Task to complete
Find the line below that contains "Vintage 1960's Wool". Transcribe it and every line after it exactly, adding nothing.

Raw data

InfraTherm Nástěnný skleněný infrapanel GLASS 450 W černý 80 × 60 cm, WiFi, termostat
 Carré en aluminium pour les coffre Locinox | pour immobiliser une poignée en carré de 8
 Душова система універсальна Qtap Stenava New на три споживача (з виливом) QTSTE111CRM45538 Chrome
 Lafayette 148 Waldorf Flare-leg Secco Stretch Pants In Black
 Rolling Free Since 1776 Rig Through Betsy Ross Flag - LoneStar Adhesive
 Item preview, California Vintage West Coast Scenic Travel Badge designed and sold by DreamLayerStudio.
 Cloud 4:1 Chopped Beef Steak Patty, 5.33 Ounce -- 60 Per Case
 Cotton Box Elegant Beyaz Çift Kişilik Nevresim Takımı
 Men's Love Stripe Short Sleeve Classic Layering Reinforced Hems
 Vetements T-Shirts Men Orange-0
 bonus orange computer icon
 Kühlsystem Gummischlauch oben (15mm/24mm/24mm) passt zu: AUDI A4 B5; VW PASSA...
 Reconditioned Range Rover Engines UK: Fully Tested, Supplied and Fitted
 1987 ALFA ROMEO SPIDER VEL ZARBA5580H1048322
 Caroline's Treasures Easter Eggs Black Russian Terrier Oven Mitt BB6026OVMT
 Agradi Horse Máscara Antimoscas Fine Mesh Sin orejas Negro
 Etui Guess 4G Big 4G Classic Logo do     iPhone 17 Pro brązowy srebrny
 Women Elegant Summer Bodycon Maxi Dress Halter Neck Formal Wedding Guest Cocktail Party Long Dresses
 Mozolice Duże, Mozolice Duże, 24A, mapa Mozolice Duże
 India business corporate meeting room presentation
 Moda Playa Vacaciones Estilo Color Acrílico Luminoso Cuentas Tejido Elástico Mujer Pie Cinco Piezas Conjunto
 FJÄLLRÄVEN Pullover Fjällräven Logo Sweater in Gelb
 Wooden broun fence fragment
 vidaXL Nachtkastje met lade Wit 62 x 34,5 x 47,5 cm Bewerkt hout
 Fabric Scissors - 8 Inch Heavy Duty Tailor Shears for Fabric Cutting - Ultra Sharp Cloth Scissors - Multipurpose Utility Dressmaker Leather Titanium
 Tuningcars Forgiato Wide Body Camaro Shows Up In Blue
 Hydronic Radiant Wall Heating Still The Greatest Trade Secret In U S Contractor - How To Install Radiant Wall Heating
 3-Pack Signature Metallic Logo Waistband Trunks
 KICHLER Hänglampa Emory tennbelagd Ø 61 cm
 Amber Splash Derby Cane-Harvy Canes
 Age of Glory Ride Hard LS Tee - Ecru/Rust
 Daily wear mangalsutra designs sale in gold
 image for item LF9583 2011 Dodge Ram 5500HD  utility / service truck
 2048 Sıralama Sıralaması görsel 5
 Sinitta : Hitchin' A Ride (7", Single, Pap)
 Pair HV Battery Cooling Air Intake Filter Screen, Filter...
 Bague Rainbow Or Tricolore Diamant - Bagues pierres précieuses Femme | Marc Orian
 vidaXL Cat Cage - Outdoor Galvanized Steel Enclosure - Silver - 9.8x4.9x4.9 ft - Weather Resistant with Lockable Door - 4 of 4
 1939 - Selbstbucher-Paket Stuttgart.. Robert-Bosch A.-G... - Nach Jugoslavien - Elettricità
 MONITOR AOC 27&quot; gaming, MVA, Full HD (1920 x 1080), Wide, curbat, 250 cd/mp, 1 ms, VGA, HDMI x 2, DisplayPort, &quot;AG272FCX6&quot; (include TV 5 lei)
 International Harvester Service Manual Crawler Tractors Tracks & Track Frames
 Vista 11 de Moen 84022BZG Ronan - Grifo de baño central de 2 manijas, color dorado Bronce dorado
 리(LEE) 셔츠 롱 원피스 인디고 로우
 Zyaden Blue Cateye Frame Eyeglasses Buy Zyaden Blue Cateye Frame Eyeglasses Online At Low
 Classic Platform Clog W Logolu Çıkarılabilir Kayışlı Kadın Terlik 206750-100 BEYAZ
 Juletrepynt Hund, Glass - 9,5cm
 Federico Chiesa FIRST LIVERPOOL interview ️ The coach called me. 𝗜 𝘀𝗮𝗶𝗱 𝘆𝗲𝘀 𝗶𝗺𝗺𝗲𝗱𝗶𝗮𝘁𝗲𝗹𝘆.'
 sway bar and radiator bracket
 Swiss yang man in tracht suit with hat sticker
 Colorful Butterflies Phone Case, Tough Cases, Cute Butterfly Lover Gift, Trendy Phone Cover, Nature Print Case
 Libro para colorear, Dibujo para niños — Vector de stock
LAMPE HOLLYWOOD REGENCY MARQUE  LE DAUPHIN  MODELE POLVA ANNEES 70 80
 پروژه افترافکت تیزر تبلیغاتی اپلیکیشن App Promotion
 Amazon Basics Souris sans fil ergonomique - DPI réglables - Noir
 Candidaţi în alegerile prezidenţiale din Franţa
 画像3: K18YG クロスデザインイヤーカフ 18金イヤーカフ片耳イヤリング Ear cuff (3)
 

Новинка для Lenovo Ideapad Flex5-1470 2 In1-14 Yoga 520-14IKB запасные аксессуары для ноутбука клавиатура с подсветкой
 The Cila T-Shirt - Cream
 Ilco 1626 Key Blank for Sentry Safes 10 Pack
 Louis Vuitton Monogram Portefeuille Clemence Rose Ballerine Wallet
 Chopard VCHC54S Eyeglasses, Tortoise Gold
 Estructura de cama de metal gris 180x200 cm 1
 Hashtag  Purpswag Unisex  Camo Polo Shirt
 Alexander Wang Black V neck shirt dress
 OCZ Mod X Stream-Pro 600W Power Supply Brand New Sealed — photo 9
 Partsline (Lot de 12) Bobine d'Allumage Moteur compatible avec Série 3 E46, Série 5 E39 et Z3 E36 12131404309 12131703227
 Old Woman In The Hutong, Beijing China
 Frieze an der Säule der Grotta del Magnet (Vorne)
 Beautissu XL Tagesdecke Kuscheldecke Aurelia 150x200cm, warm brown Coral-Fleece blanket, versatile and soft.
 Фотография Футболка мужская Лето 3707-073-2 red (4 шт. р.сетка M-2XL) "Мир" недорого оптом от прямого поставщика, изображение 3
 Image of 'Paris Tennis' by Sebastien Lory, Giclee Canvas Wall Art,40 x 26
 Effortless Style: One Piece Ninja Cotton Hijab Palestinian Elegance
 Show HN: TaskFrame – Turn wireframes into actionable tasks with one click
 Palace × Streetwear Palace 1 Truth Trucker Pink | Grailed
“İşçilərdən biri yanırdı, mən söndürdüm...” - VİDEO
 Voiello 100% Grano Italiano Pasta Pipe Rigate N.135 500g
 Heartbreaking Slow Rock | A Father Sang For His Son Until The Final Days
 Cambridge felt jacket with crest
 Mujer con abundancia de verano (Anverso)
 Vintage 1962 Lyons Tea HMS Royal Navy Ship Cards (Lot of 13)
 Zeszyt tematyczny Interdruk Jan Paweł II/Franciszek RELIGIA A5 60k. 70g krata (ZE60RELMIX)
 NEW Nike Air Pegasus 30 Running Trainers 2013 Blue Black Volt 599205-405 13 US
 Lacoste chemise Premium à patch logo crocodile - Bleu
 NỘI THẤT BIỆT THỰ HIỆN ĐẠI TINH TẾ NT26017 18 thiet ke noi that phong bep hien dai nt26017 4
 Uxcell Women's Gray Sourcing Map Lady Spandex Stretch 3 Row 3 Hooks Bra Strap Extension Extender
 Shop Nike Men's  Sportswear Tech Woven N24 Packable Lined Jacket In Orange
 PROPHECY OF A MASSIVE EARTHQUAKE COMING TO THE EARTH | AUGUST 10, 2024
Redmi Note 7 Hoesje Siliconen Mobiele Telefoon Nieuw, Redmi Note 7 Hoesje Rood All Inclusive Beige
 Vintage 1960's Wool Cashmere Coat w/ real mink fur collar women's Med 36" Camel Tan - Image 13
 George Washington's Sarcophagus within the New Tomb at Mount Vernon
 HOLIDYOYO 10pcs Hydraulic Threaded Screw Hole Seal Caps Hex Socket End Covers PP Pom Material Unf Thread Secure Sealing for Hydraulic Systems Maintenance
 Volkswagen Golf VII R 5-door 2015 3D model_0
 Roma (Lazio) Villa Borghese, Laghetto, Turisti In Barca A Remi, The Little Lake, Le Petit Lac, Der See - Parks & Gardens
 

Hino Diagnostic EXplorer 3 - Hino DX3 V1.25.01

Your solution
 Vintage 1960's Wool Cashmere Coat w/ real mink fur collar women's Med 36" Camel Tan - Image 13
 George Washington's Sarcophagus within the New Tomb at Mount Vernon
 HOLIDYOYO 10pcs Hydraulic Threaded Screw Hole Seal Caps Hex Socket End Covers PP Pom Material Unf Thread Secure Sealing for Hydraulic Systems Maintenance
 Volkswagen Golf VII R 5-door 2015 3D model_0
 Roma (Lazio) Villa Borghese, Laghetto, Turisti In Barca A Remi, The Little Lake, Le Petit Lac, Der See - Parks & Gardens
 

Hino Diagnostic EXplorer 3 - Hino DX3 V1.25.01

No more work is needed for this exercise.